By Kayleigh Donaldson | TV | May 5, 2023
This week, the Writers Guild of America officially went on strike. After negotiations for increased pay and new employment protections failed, everyone put their pens down and took to the picket lines. A staggering 97.85% of voters (reportedly 78.7% of eligible members cast ballots) supported the move to authorize a strike, a sharp reminder of how much the industry needs change.
The world of entertainment has evolved vastly since the last writers’ strike, which irrevocably changed the industry. This is the streaming age, a time of Too Much TV and more platforms than ever for #content. There are literally dozens of new scripted series premiering every month, with the seeming promise of greater diversity among their creative teams behind and in front of the camera. On the surface, it looks as though we’re in a time of plenty for writers. The reality is far more depressing. Residuals have all but evaporated thanks to the streaming model, with giants like Netflix infamous for exacerbating the problem. Writers’ rooms are shrinking in size and pay is down. The threat of AI is looming, with studios eager to embrace any kind of technology that will take humans out of the creative process entirely.

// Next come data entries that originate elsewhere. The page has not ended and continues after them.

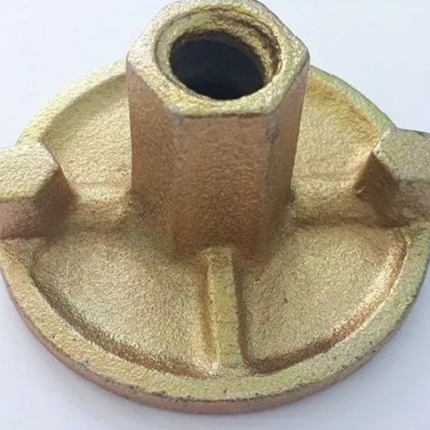 The nut has a round shape and is made of metal with a silver or gray finish. It has threads on the interior to match those of the rod or bolt and is designed to be embedded in concrete or masonry to create a secure connection.
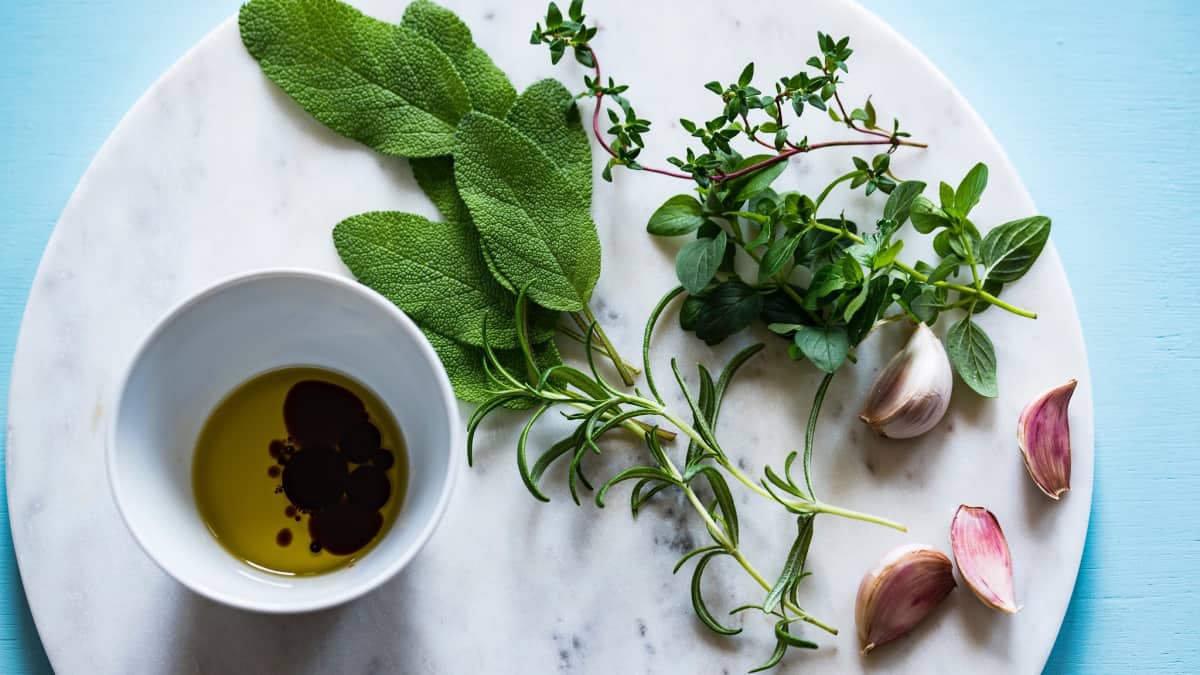 herbs, spices, oil on platter for salt alternative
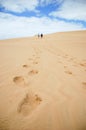 A couple hiking a sand dune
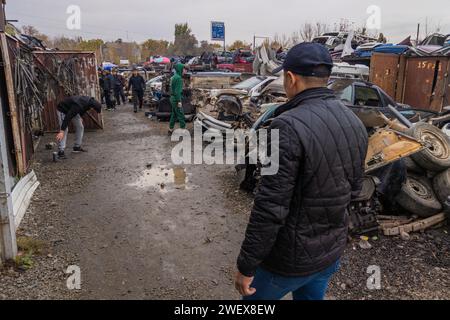 Homme à la recherche de pièces de voiture à la junkyard à ciel ouvert et utilisé le marché des pièces de rechange à Kudaybergen, Bichkek, Kirghizistan Banque D'Images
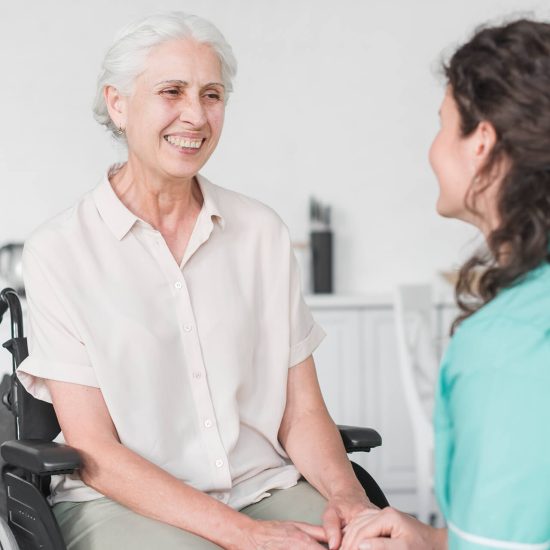 carer holding hands with elderly person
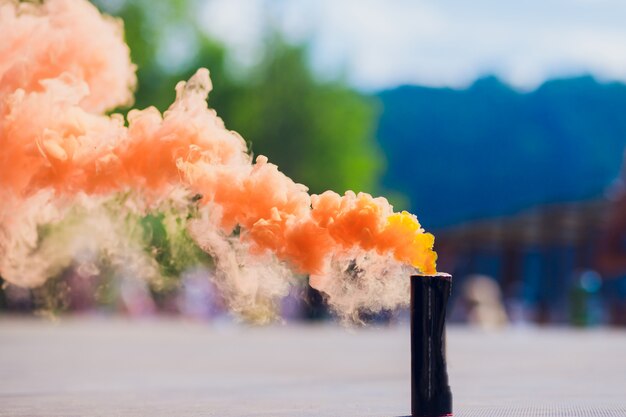 Colorful orenge smoke bombs in action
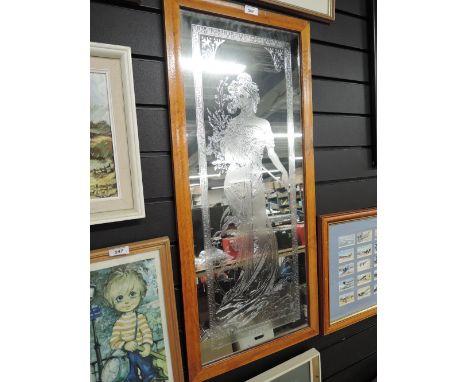 A vintage etched mirror with female figure of spring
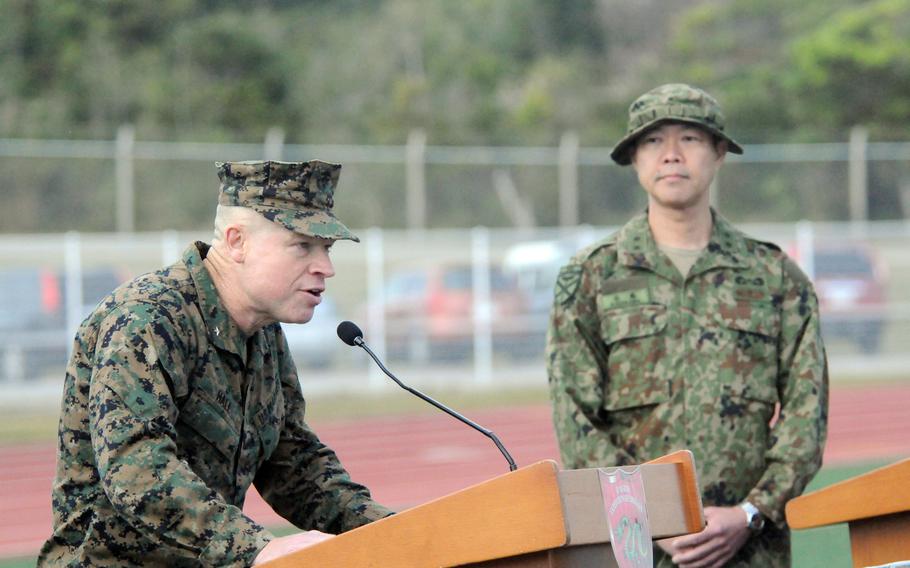 Brig. Gen. Trevor Hall talks into a microphone alongside a Japanese major general.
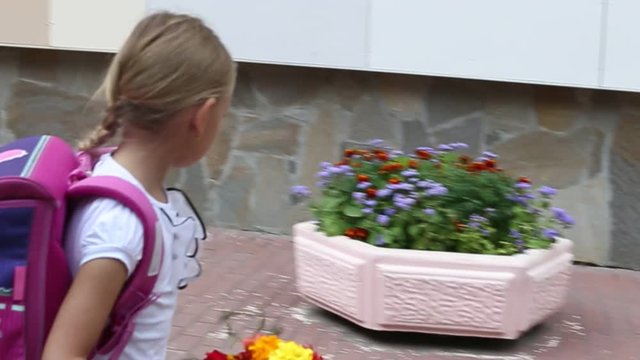 Sorrowful girl go back to school with backpack and bouquet flowers. Girl fright some thing at flowerbed. Young white caucasian girl with pink baclpack walking along stone wall of school. Handheld shot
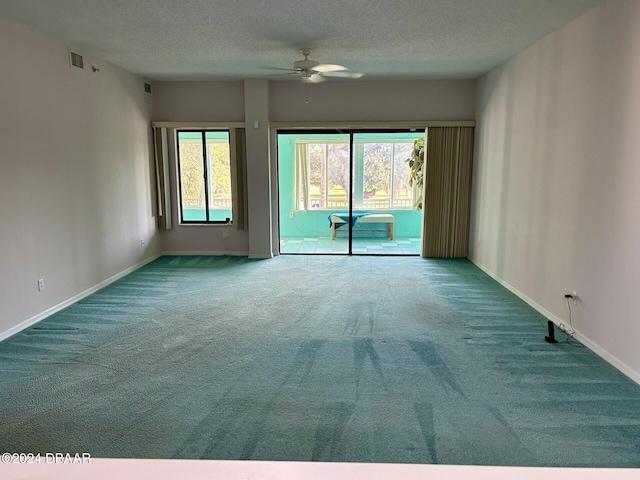 carpeted spare room with ceiling fan and a textured ceiling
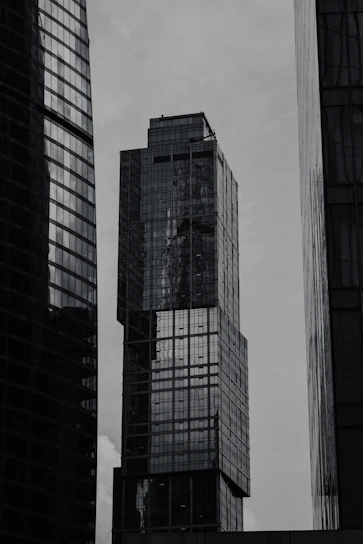 a black and white photo of skyscrapers in a city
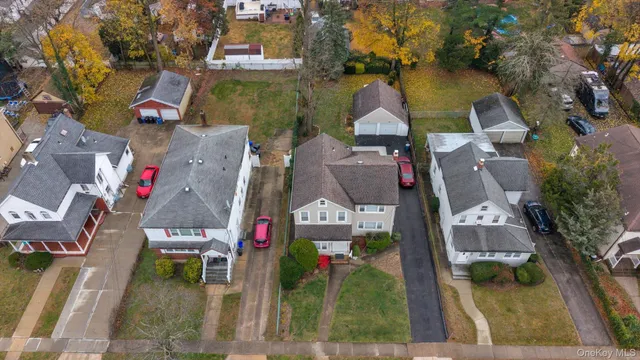 an aerial view of residential houses with outdoor space and parking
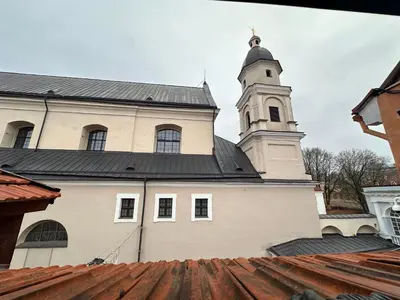 a large white building with a clock tower at 25 Hours Hostel in Vilnius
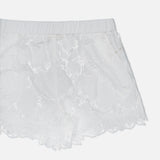 The L'AGENCE Laina Pull On Eyelet Short features a floral pattern, elastic waistband, cotton lining, and comfortable pull-on style, displayed against a plain light background.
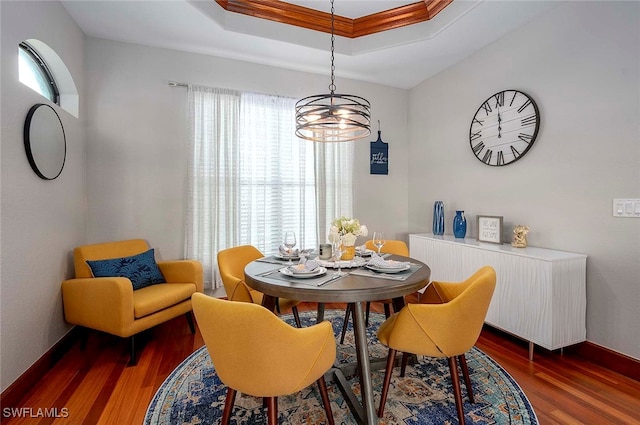 dining room with a chandelier, ornamental molding, plenty of natural light, and dark wood-type flooring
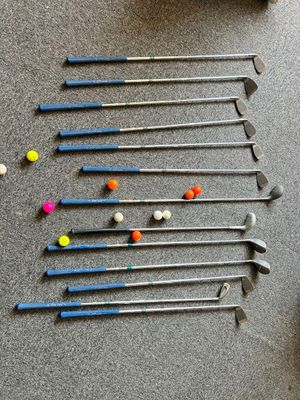 de nombreux clubs et balles de golf éparpillés sur le sol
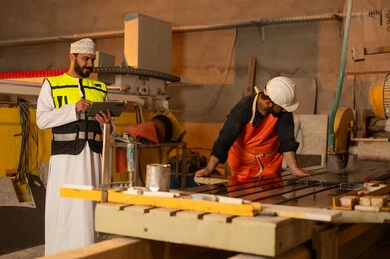 متابعة أداء العامل وتقيمه عبر التابلت، مصانع ومعامل سلطنة عمان, ألات ومكنات لصناعة الرخام، جودة الانتاج المحلي الوطني, رجل مهندس عربي خليجي عماني يرتدي الدشداشة وزي العمل يعمل على الجهاز اللوحي، دمج التقنية والتكنولوجيا في المعامل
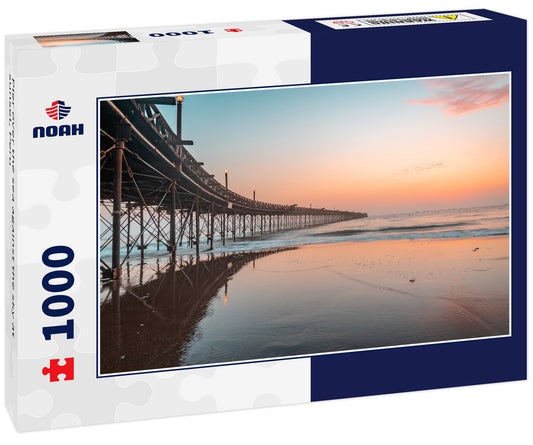 Pier over the sea against the sky at sunset, Peru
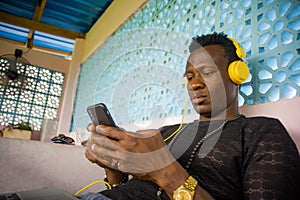 Lifestyle portrait of young attractive and cool hipster black afro American man using mobile phone and headset networking on
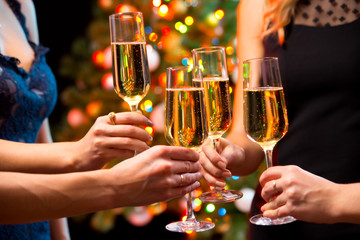 Women's hands with crystal glasses of champagne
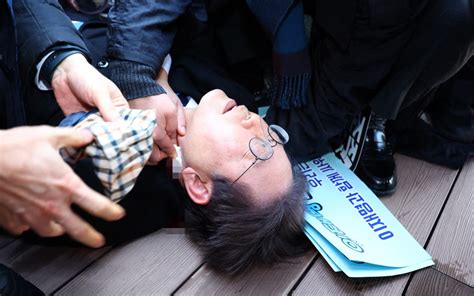 South Korean opposition leader conscious after being stabbed in the neck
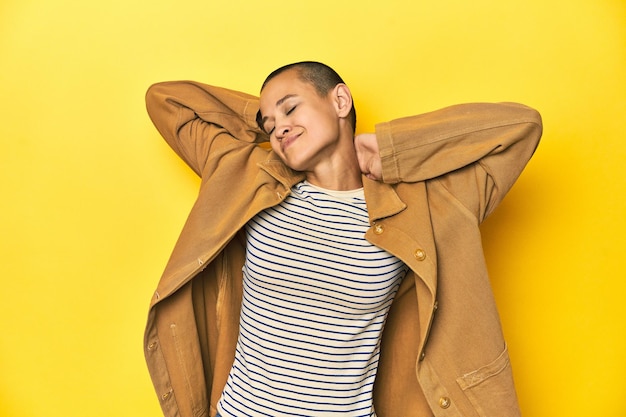 Donna in maglietta a righe e camicia denim sullo sfondo giallo che si sente sicura con le mani dietro la testa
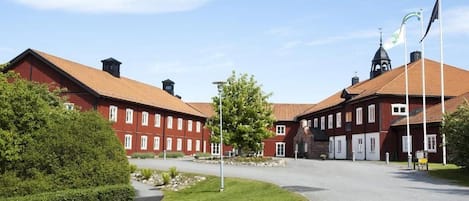 A red brick building with a central courtyard, flagpoles, and a clear sky.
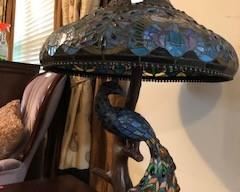 Tiffany table lamp with attached Tiffany peacock (there is a separate small bulb on base that illuminates the peacock). Iron tree design base. 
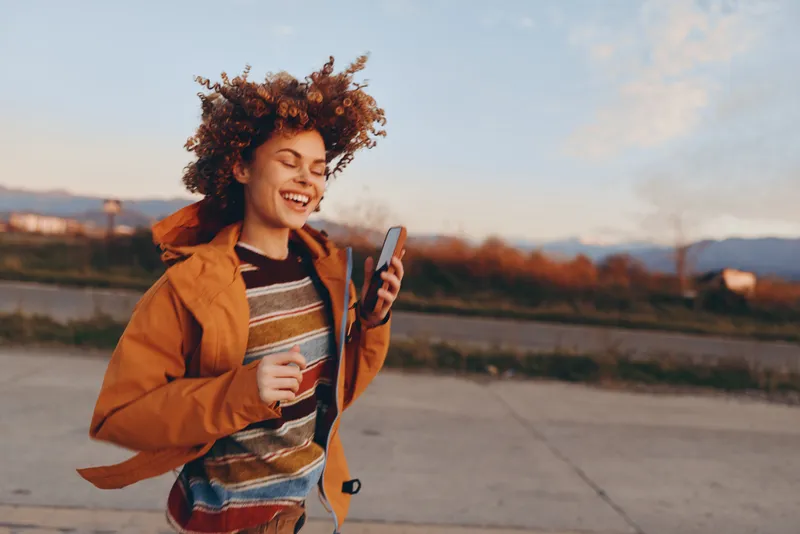 woman lifestyle outdoors autumn smile jacket street peace waving curly hair afro American woman walking sidewalk at sunset, peace sign hand gesture, warm orange jacket, relaxed cheerful mood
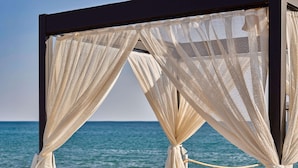 A beachside cabana with a view of the sea, a table with a drink and a magazine, and a hat on the bed.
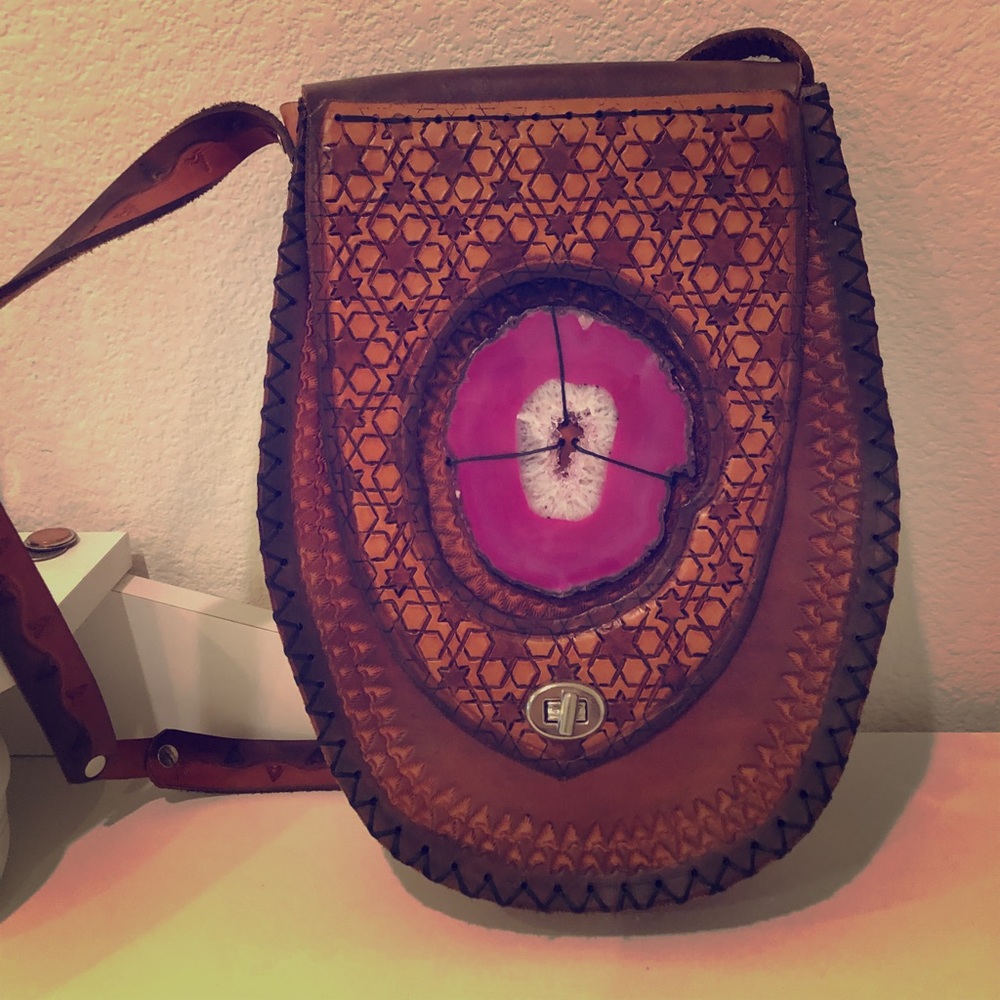 One of a kind leather bag with a pink stone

One key area the WGA is keen to bring attention to is the total lack of transparency from streaming services over viewership numbers, a process that has left many writers and showrunners unable to negotiate for fairer pay. They cannot get viewership-based residuals for platforms that hide their numbers, something places like Netflix are notorious for doing. Even the biggest stars on the service don’t get access to that data. The Alliance of Motion Picture and Television Producers, with whom the WGA negotiated, rejected this proposal and refused to even make a counter. This is an important reminder of how wildly different the world of entertainment is now compared to only five or six years ago. It’s not just the creators who feel the stifling restrictions of this development. Viewers do too, and it’s made being a fan of TV, casual or avid, f**king intolerable.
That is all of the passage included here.